John Dewey, Democracy and Education:
In the first place, as long as any topic makes an immediate appeal, it is not necessary to ask what it is good for. This is a question which can be asked only about instrumental values. Some goods are not good for anything; they are just goods. Any other notion leads to an absurdity. For we cannot stop asking the question about an instrumental good, one whose value lies in its being good for something, unless there is at some point something intrinsically good, good for itself. To a hungry, healthy child, food is a good of the situation; we do not have to bring him to consciousness of the ends subserved by food in order to supply a motive to eat. The food in connection with his appetite is a motive. The same thing holds of mentally eager pupils with respect to many topics. Neither they nor the teacher could possibly foretell with any exactness the purposes learning is to accomplish in the future; nor as long as the eagerness continues is it advisable to try to specify particular goods which are to come of it. The proof of a good is found in the fact that the pupil responds; his response is use. His response to the material shows that the subject functions in his life.
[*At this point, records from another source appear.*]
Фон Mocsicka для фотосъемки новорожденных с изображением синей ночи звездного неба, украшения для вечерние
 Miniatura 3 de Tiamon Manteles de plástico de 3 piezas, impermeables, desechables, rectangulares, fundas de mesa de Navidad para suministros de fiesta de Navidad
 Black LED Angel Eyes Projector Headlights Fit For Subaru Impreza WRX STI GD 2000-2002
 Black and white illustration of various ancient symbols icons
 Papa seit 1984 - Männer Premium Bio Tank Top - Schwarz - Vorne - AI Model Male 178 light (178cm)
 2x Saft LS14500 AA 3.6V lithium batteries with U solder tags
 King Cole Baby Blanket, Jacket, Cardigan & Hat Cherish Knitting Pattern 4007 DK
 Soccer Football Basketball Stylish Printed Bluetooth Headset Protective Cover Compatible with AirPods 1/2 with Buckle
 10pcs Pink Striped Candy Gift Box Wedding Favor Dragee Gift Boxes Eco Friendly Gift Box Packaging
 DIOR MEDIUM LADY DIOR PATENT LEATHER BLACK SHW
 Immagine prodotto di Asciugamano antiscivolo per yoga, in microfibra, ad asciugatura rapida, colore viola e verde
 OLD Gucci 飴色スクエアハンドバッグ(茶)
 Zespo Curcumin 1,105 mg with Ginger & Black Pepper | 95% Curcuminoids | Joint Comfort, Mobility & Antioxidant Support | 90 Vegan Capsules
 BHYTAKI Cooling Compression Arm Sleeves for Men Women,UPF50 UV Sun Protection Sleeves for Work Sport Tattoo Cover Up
It is unsound to urge that, say, Latin has a value per se in the abstract, just as a study, as a sufficient justification for teaching it. But it is equally absurd to argue that unless teacher or pupil can point out some definite assignable future use to which it is to be put, it lacks justifying value. When pupils are genuinely concerned in learning Latin, that is of itself proof that it possesses value. The most which one is entitled to ask in such cases is whether in view of the shortness of time, there are not other things of intrinsic value which in addition have greater instrumental value.